Irish Gaelic footballer

Stephen O'Shaughnessy is a Gaelic footballer who plays for the Lucan Sarsfields club and at senior level for the Dublin county team.

==Inter-county==
O'Shaughnessy made his debut for Dublin in 2005. He proved an important asset to the Dublin team in the absence of former Dublin captain, Paddy Christie, who was out due to injury. O'Shaughnessy met the same fate when he too had to drop out of the championship due to a shoulder injury. However, he returned to play in the Leinster final and All-Ireland quarter-final defeat to Tyrone. He was nominated for an All-Star later that year.

Due to a recurrence of a shoulder injury O'Shaughnessy missed the entire 2006 league campaign. He was expected to return to the Dublin side after Dublin's first championship match against Longford, although he did not return until Dublin's victory in the 2006 Leinster Senior Football Championship final against Offaly.
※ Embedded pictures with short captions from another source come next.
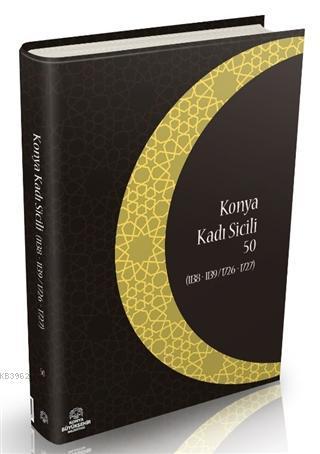 Konya Kadı Sicili 50; (1138-1139/1726-1727)
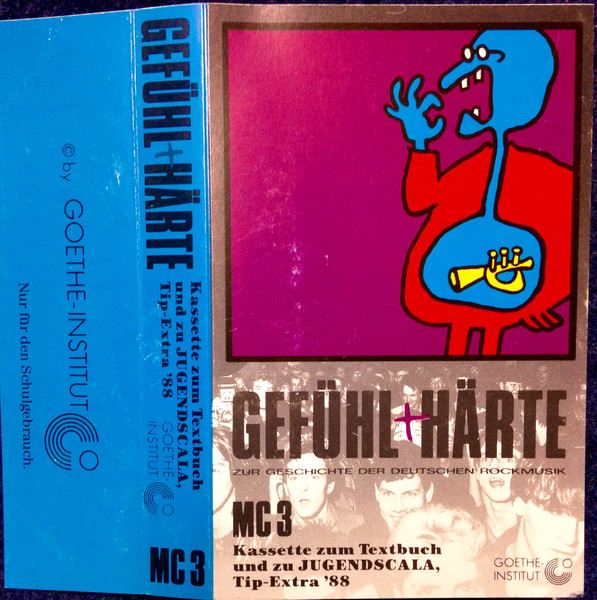 Gefühl + Härte - Zur Geschichte Der Deutschen Rockmusik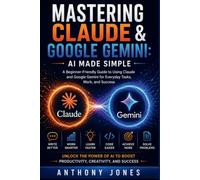 MASTERING CLAUDE & GOOGLE GEMINI: Ai Made Simple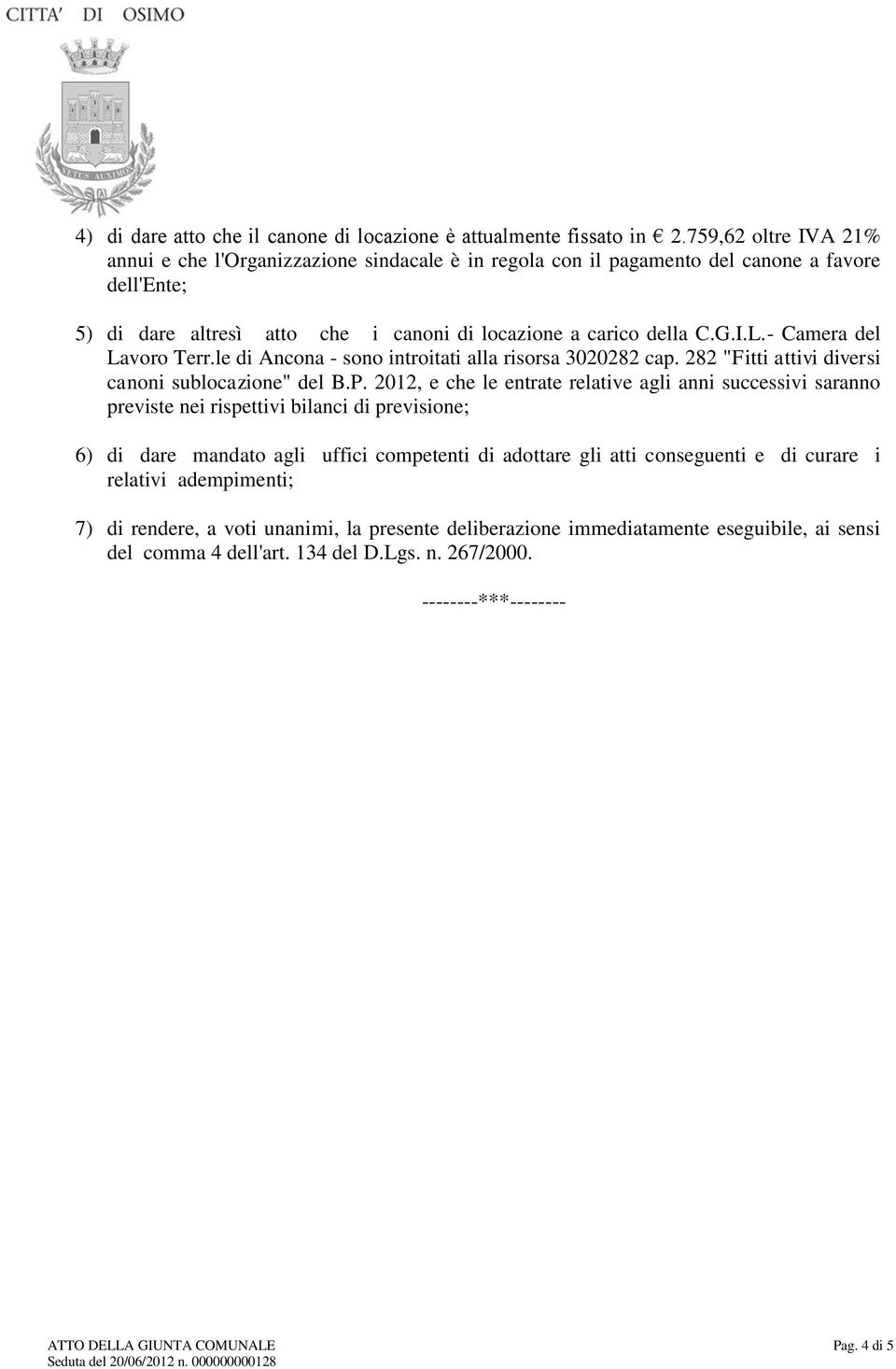 - Camera del Lavoro Terr.le di Ancona - sono introitati alla risorsa 3020282 cap. 282 "Fitti attivi diversi canoni sublocazione" del B.P.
He came on as a substitute in the 2007 O'Byrne Cup final for Dublin against Laois at O'Connor Park in Offaly. The game finished on a scoreline of 1–18 to 2–13 against Laois. He was yet to make a championship appearance for Dublin in 2007.

O'Shaughnessy played in all of Dublin's 2008 O'Byrne Cup games, including scoring a point in the semi-final against Carlow. He was on Dublin's winning team for the 2008 O'Byrne Cup winning team which defeated Longford in the final. He also played in Dublin's first two wins in the championship over Louth and Westmeath before a hamstring injury keep him out of the Leinster Senior Football Championship final.